Richard Robertson Posted August 23, 2010 Posted August 23, 2010 I think the biggest problem is that you are thinking of values that aren't strictly a (multi)byte format. When it comes down to it, you're trying to eliminate bytes, right? So working in any format besides that, it's going to be messy.
czardas Posted August 23, 2010 Posted August 23, 2010 (edited) Messy Er...? That is something I can't deny. It might also not work at all, but without trying, I won't know the answer. Unless of course I find an obvious refutation. Here's how it might work (or not). Say this is the start of some binary data. 1011 1111 1010 0010 1111 1101 0111 1110 1011 1111 0111 I may find multiple repetitions of a long section. (scaled down here for simplicity) 101(1 1111 101)0 0010 (1111 1101) 0(111 1110 1)0(11 1111 01)11 A = 11111101 So we can create a new representation. 101 A 00010 A 0 A 0 A 11 In this case there won't be any compression, but imagine that such patterns happen to occur over much longer sections when searched for in a different base. I don't know what possibilities will arise. It may be highly unpredictable. Edited August 23, 2010 by czardas operator64 ArrayWorkshop
Richard Robertson Posted August 23, 2010 Posted August 23, 2010 (edited) Searching for the matched patterns requires a lot of processing time. As your window gets bigger, it'll take longer and longer. For instance, you would need to make 666 (scary coincidence) checks in "1011 1111 1010 0010 1111 1101 0111 1110 1011 1111 0111" using one byte wide blocks. The first 27 checks would compare "1011 1111" to every byte, starting at every bit. The next 26 would compare "011 1111 1" to every byte, starting at every bit, and so on, down to the last check which would compare "1110 1011" to the last byte. 666 checks for five and a half bytes isn't going to scale well. Edited August 23, 2010 by Richard Robertson
czardas Posted August 23, 2010 Posted August 23, 2010 I see the point that you are making. Designing an efficient search algorithm represents a challenge. That part is confusing me. I think that some form of guess work will be required. Only searching a fraction of the possible patterns and then guessing again. Or some kind of fuzzy logic - whatever that means? operator64 ArrayWorkshop
Richard Robertson Posted August 23, 2010 Posted August 23, 2010 Fuzzy logic means that your values are "true", "false" and "maybe".

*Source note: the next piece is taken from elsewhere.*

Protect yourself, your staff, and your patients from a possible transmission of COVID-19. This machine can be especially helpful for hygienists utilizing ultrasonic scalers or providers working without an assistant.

czardas Posted August 23, 2010 Posted August 23, 2010 (edited) I get the true and false part. The other part is still a bit fuzzy. Richard, your input is much appreciated. Edited August 23, 2010 by czardas operator64 ArrayWorkshop
Drifter Posted September 13, 2010 Author Posted September 13, 2010 cameronsdad: Still willing to assist here? I have started university so unfortunately i cant spend as much time here as id like, but i might take all of what you said to a professor if i get the time. I did talk to a professor who did things with compression and they said you cant obtain a much better system than the common algorithms already used, unless you want to use lots of computations somehow, in which case you might be able to squeeze out another 1% compression. I do wonder if there really is any new good way to compress.

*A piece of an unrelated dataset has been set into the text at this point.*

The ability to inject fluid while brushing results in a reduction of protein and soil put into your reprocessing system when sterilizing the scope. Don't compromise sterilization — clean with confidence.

seandisanti Posted September 13, 2010 Posted September 13, 2010 cameronsdad:Still willing to assist here? I have started university so unfortunately i cant spend as much time here as id like, but i might take all of what you said to a professor if i get the time.I did talk to a professor who did things with compression and they said you cant obtain a much better system than the common algorithms already used, unless you want to use lots of computations somehow, in which case you might be able to squeeze out another 1% compression.I do wonder if there really is any new good way to compress. yes, still willing to help; i've actually just finished a couple of big projects at work that were keeping me pretty busy. as far as the assertion that it's as good as it's going to get, that's just silly. i'm not claiming that i've any profound insight on how to accomplish said goal, BUT every new way to do something was thought impossible or not worth trying until someone actually did it, and then it just became the way.

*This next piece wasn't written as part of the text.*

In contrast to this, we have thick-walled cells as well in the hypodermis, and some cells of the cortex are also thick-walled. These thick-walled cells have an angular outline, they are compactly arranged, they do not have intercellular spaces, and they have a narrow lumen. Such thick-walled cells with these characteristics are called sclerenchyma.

Drifter Posted September 13, 2010 Author Posted September 13, 2010 as far as the assertion that it's as good as it's going to get, that's just silly. i'm not claiming that i've any profound insight on how to accomplish said goal, BUT every new way to do something was thought impossible or not worth trying until someone actually did it, and then it just became the way.i agree with that one, but i do think that any further compression will come at the cost of processing time, and since hard drives now can hold 1TB and are cheap, processing time is viewed as more valuable. So we are possibly going against the grain of what most compression does (something fast).However, i will again add that MAYBE this isn't entirely true either, i'm still interested in what your method is. Unfortunately i still have issues understanding while reading what you've posted thus far on the issue.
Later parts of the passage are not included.